Caronte não atravessa o rio sem a moeda. Eu não faço dos meus mortos travessia sem a palavra dita.
Dei de cozinhar umas dores. Não que eu quisesse. Eu me via encurralada pelos corpos brutos da cidade. Quase nenhuma ternura, a não ser nas pequenas frestas dos muros, donde brota uma trapoeraba, um picão branco, uma serralha que ninguém faz conta. Quase ninguém.

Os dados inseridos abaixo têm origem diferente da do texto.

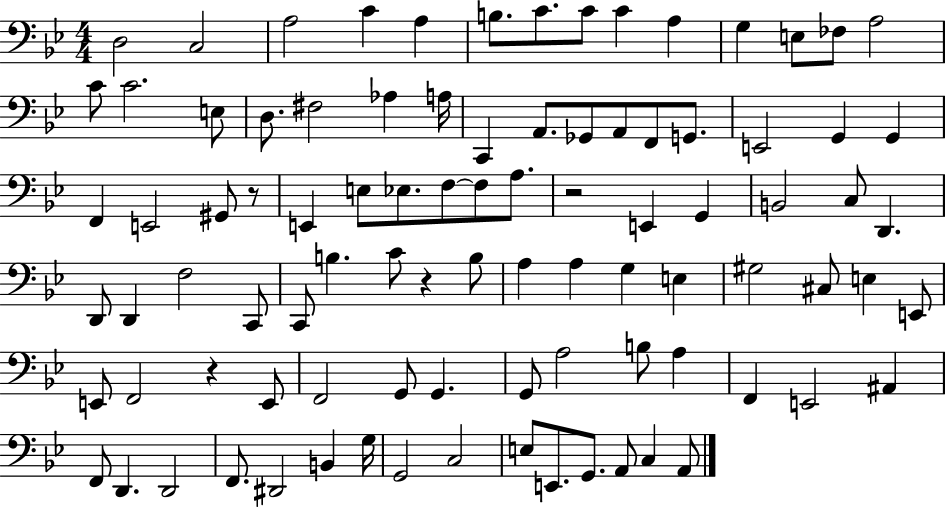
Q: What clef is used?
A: bass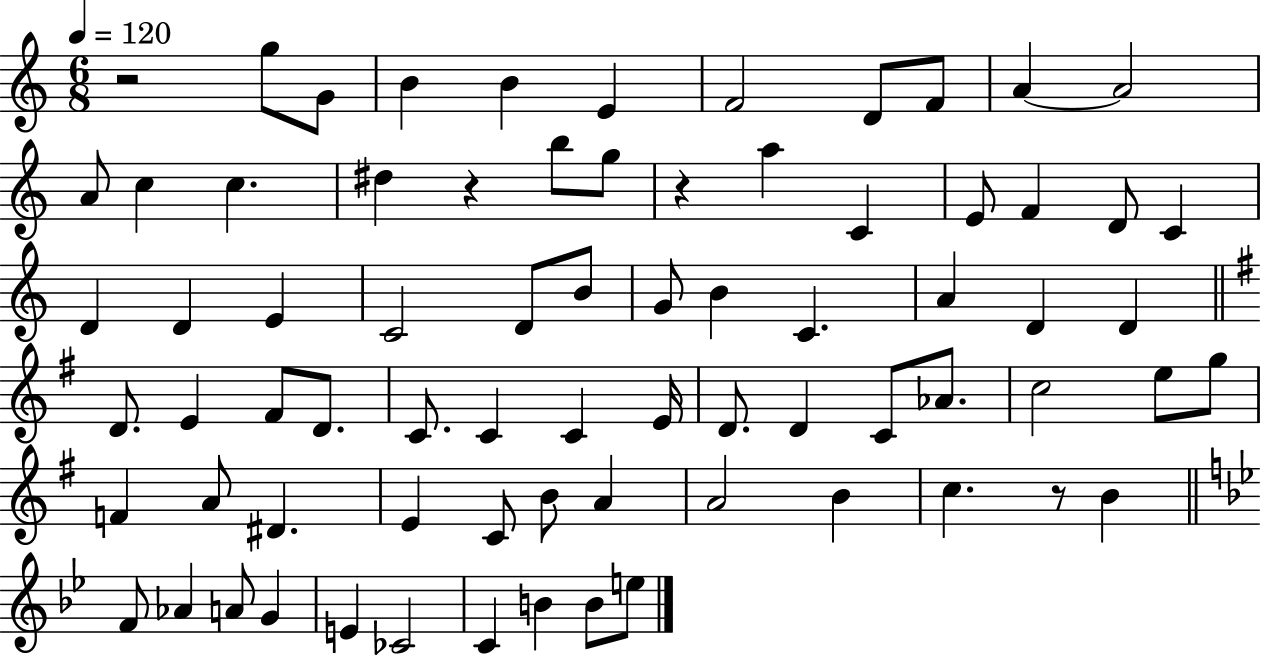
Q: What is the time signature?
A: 6/8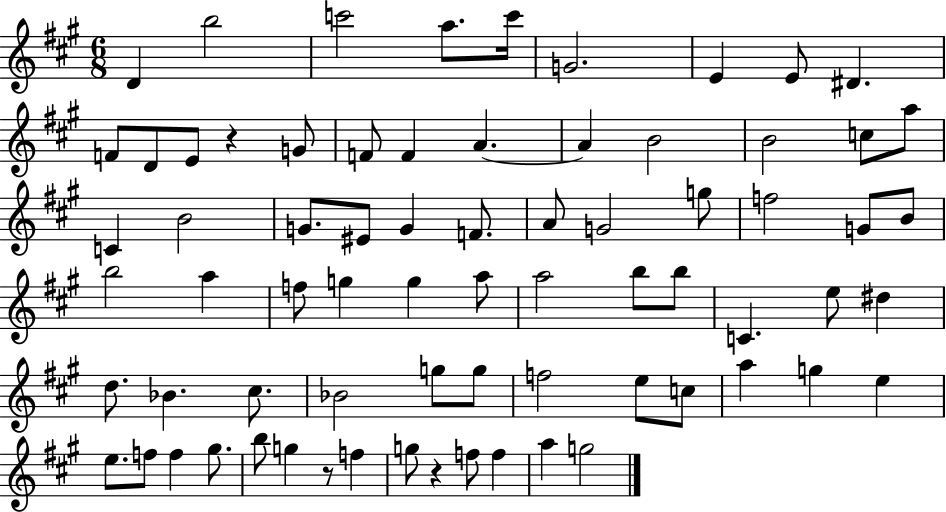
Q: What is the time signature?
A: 6/8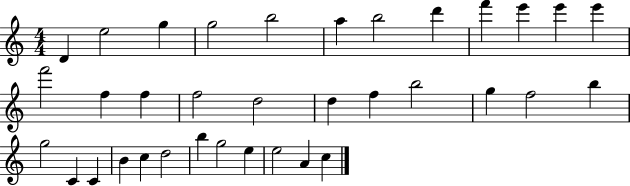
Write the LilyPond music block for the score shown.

{
  \clef treble
  \numericTimeSignature
  \time 4/4
  \key c \major
  d'4 e''2 g''4 | g''2 b''2 | a''4 b''2 d'''4 | f'''4 e'''4 e'''4 e'''4 | \break f'''2 f''4 f''4 | f''2 d''2 | d''4 f''4 b''2 | g''4 f''2 b''4 | \break g''2 c'4 c'4 | b'4 c''4 d''2 | b''4 g''2 e''4 | e''2 a'4 c''4 | \break \bar "|."
}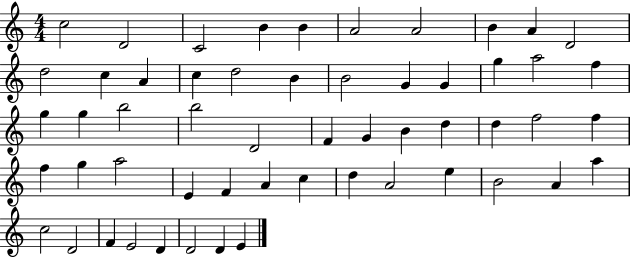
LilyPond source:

{
  \clef treble
  \numericTimeSignature
  \time 4/4
  \key c \major
  c''2 d'2 | c'2 b'4 b'4 | a'2 a'2 | b'4 a'4 d'2 | \break d''2 c''4 a'4 | c''4 d''2 b'4 | b'2 g'4 g'4 | g''4 a''2 f''4 | \break g''4 g''4 b''2 | b''2 d'2 | f'4 g'4 b'4 d''4 | d''4 f''2 f''4 | \break f''4 g''4 a''2 | e'4 f'4 a'4 c''4 | d''4 a'2 e''4 | b'2 a'4 a''4 | \break c''2 d'2 | f'4 e'2 d'4 | d'2 d'4 e'4 | \bar "|."
}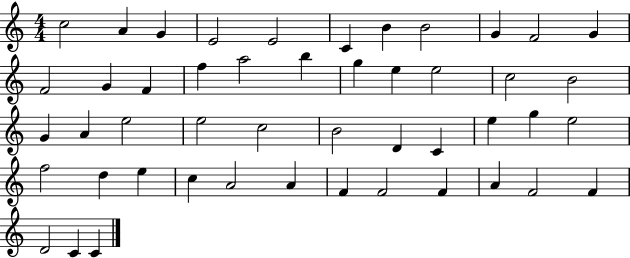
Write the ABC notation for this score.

X:1
T:Untitled
M:4/4
L:1/4
K:C
c2 A G E2 E2 C B B2 G F2 G F2 G F f a2 b g e e2 c2 B2 G A e2 e2 c2 B2 D C e g e2 f2 d e c A2 A F F2 F A F2 F D2 C C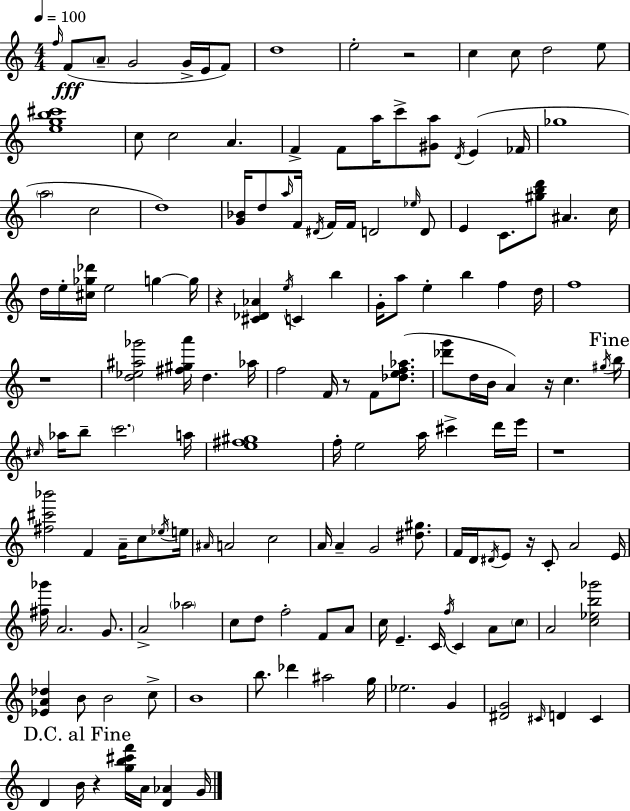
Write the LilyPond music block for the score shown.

{
  \clef treble
  \numericTimeSignature
  \time 4/4
  \key a \minor
  \tempo 4 = 100
  \grace { f''16 }\fff f'8( \parenthesize a'8-- g'2 g'16-> e'16 f'8) | d''1 | e''2-. r2 | c''4 c''8 d''2 e''8 | \break <e'' g'' b'' cis'''>1 | c''8 c''2 a'4. | f'4-> f'8 a''16 c'''8-> <gis' a''>8 \acciaccatura { d'16 } e'4( | fes'16 ges''1 | \break \parenthesize a''2 c''2 | d''1) | <g' bes'>16 d''8 \grace { a''16 } f'16 \acciaccatura { dis'16 } f'16 f'16 d'2 | \grace { ees''16 } d'8 e'4 c'8. <gis'' b'' d'''>8 ais'4. | \break c''16 d''16 e''16-. <cis'' ges'' des'''>16 e''2 | g''4~~ g''16 r4 <cis' des' aes'>4 \acciaccatura { e''16 } c'4 | b''4 g'16-. a''8 e''4-. b''4 | f''4 d''16 f''1 | \break r1 | <d'' ees'' ais'' ges'''>2 <fis'' gis'' a'''>16 d''4. | aes''16 f''2 f'16 r8 | f'8 <des'' e'' f'' aes''>8.( <des''' g'''>8 d''16 b'16 a'4) r16 c''4. | \break \acciaccatura { gis''16 } \mark "Fine" b''16 \grace { cis''16 } aes''16 b''8-- \parenthesize c'''2. | a''16 <e'' fis'' gis''>1 | f''16-. e''2 | a''16 cis'''4-> d'''16 e'''16 r1 | \break <fis'' cis''' bes'''>2 | f'4 a'16-- c''8 \acciaccatura { ees''16 } e''16 \grace { ais'16 } a'2 | c''2 a'16 a'4-- g'2 | <dis'' gis''>8. f'16 d'16 \acciaccatura { dis'16 } e'8 r16 | \break c'8-. a'2 e'16 <fis'' ges'''>16 a'2. | g'8. a'2-> | \parenthesize aes''2 c''8 d''8 f''2-. | f'8 a'8 c''16 e'4.-- | \break c'16 \acciaccatura { f''16 } c'4 a'8 \parenthesize c''8 a'2 | <c'' ees'' b'' ges'''>2 <ees' a' des''>4 | b'8 b'2 c''8-> b'1 | b''8. des'''4 | \break ais''2 g''16 ees''2. | g'4 <dis' g'>2 | \grace { cis'16 } d'4 cis'4 \mark "D.C. al Fine" d'4 | b'16 r4 <g'' b'' cis''' f'''>16 a'16 <d' aes'>4 g'16 \bar "|."
}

Por vezes, pensei que era loucura essa coisa de ver a vida por persianas. Faz quase um ano que não consigo ver além das treliças. Há muitas saídas, eu sei. Há sonhos de água, de interior e cabana. Há um cheiro vivo do meu jardim nas ventas. Quase ouço a chirimoya me chamar.
– Aonde foi meu bem?
Acho que é a segunda vez que a vida me aparta assim de seres que amo e para os quais não há mesmo palavra que eu possa dizer. As orquídeas não brotaram em outubro.
Vejo corpos amados pelas telas. Sinto saudades de um mundo que não há. De sua tumba, ouço Vivo dizendo “Coitaaaada“, no tom do melhor deboche. Posso ainda rir com meu amigo morto.
– Sim, dona mocinha, donde saiu tanta amargura?
– Dos cabelos de Dedé, que não toquei.